Since you were the first & elder, your mommy and I have told you that your number one job is to protect Aayansh always. That isn’t going to change in these next few years, but it will likely be harder to do. I can already see that you are both mastering the art, I saw you feeding him to taking him to bath. When you are frustrated with your brother, you might not want to defend him or comfort him, but I’m going to ask you to try anyway. The two of you have a special connection as you know its “MAY” (Manoj, Aarav/Aayansh, Yenki) – I want you to work hard to keep it. Be his Guardian today and ever.
Even at Six, you knew right from wrong. That feeling you get in your heart, or your head, ‘this is right and THIS is wrong’…. follow it, trust it, embrace it. I know it won’t always be easy. but you have to choose what’s right and not what’s easy. I know its too much asking from you but this is what i want to tell you for your whole of life not just today thus imbibe it and let it be your light.
Right now, at seven, you come to me with everything. You are completely transparent. you have lesser questions, you understand things. you know your space and giving others. you have become a responsible brother and a kind son. you have sat chatting with your mother to advocating your father. you have been bearing your little brothers mischief and been patient at school with friends to acting matured on your family trips.
I always want to be your best father, the best teacher, the best friend, you could have. I learn more from you and your brother every day than I could possibly have imagined. You allow me to see the world from a different height, through open, honest heart. You love equally, purely, you give unconditionally and play with all of your heart. If only each and everyone at home subscribed to your life philosophies, we will achieve a better life..
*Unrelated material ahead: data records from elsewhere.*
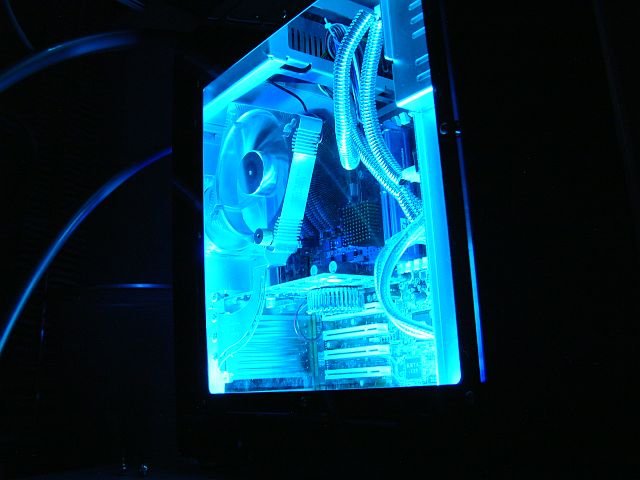 Külső hőcserélős Aquagate 'vízhűtő' rendszer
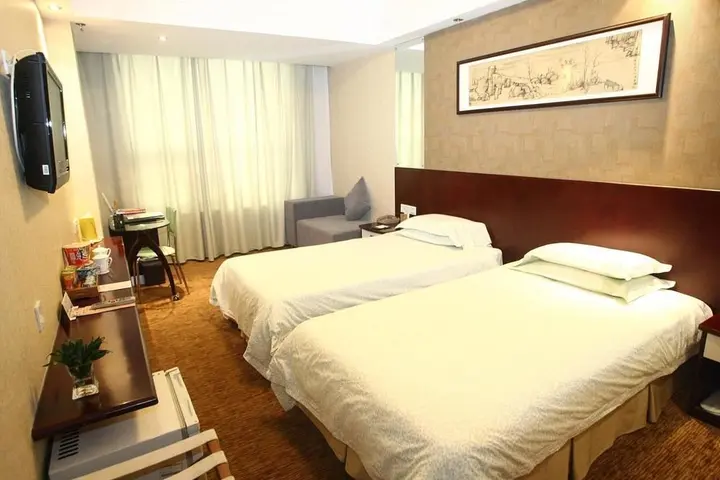 Цзинань: Thank Inn Shandong Jinan Lixia District Jingshi Road Qianfoshan Hospital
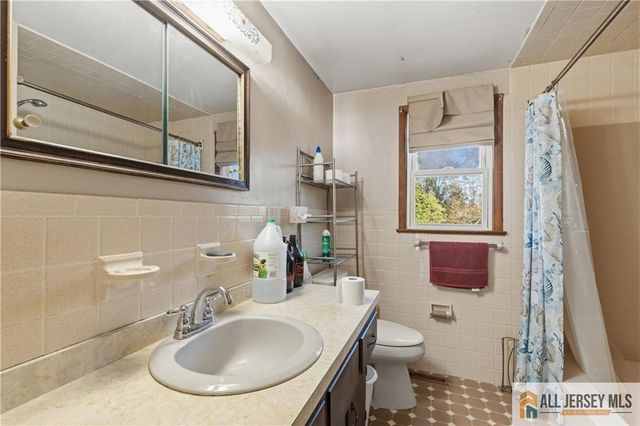 106 Main Street, Whitehouse Station, NJ 08889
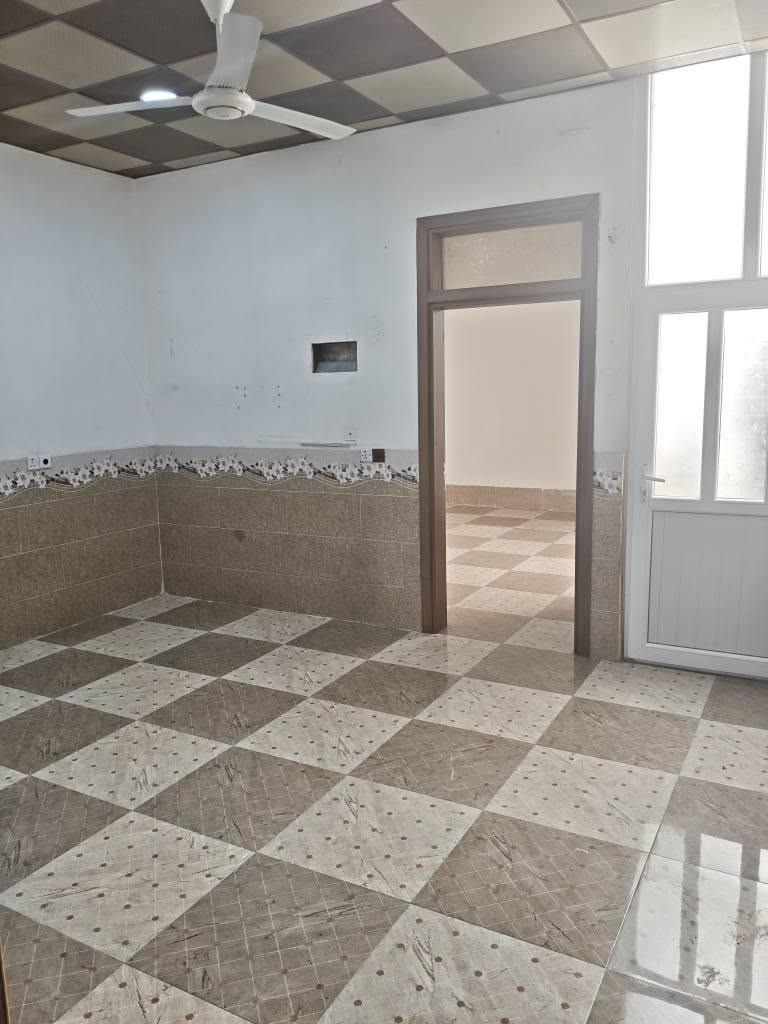 بيت للأيجار فول سيراميك سقف ثانوي. كركوك الفيلق قرب جامع السلام ***********
*********** كركوك, العراق
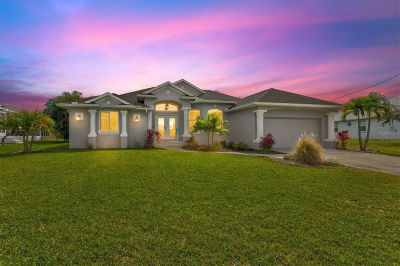 1077 Rotonda Cir Rotonda West, FL 33947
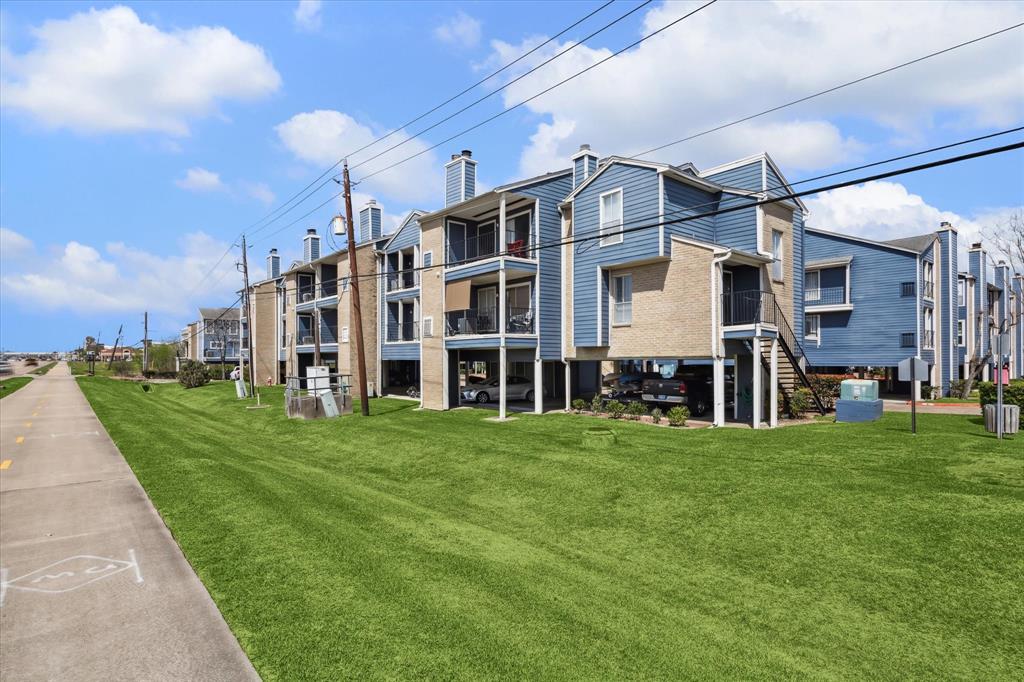18515 Egret Bay Boulevard #808, Webster, Texas image 13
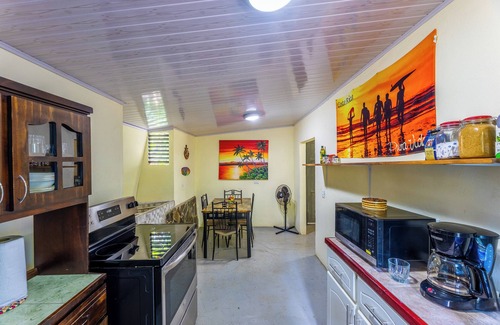 Esterillos House | Little, cozy house near to the beach.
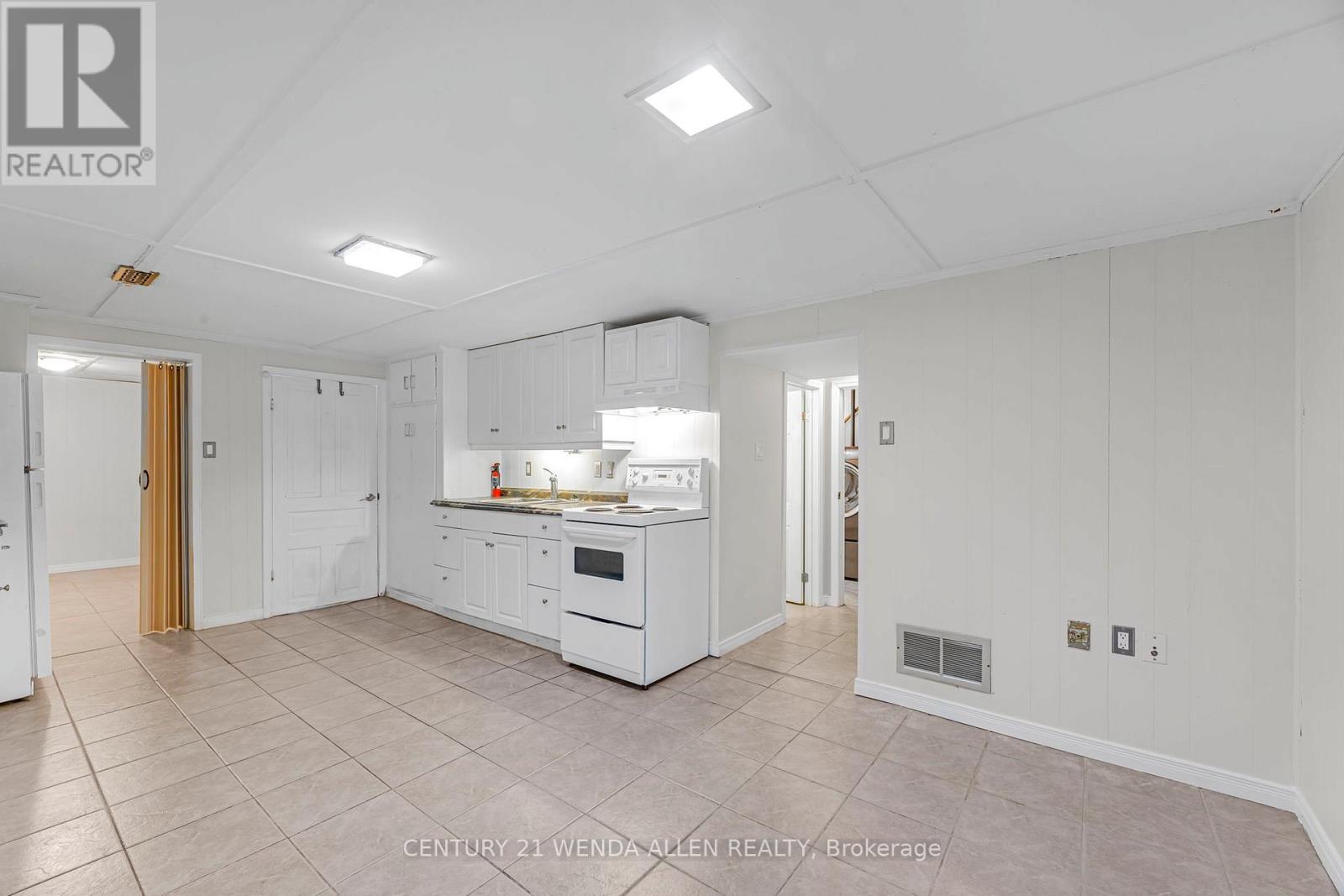 1015 Oriole Drive, Peterborough North (Central), Ontario  K9H 6K8 - Photo 20 - X12221073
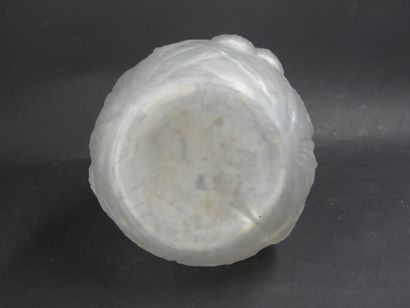 LALIQUE
René LALIQUE. Crystal vase. Signed...
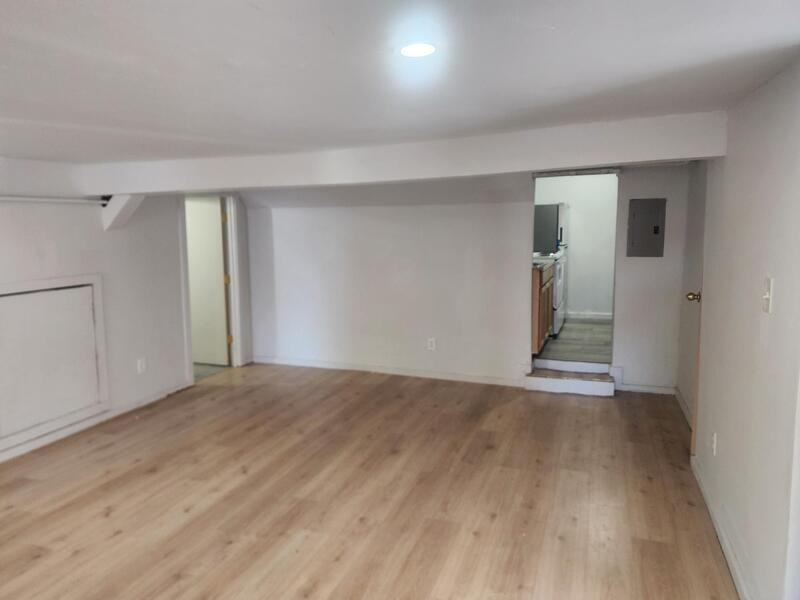 116 E Main St - Photo 3 of 12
Sorry but to mention I don’t want you to grow up? That I don’t want you to ever stop questioning me, demanding from me, arguing and getting upset at times with me at night when we watch movies together or early in the morning, when we wanted to play? That I don’t ever want you to stop saying, “I love you, Dad” in the middle of the day? That I hope you won’t ever stop asking that when i raise Aayansh in my arms, you too run and jump in my arms saying me too.
Of all the little boys in the world, Aarav, you have my heart. I was correct choosing your name Aarav : Peaceful Ocean, Can sense every drop of it now” Happy 7th birthday, my sweet small Gentleman…. I love you very, very much.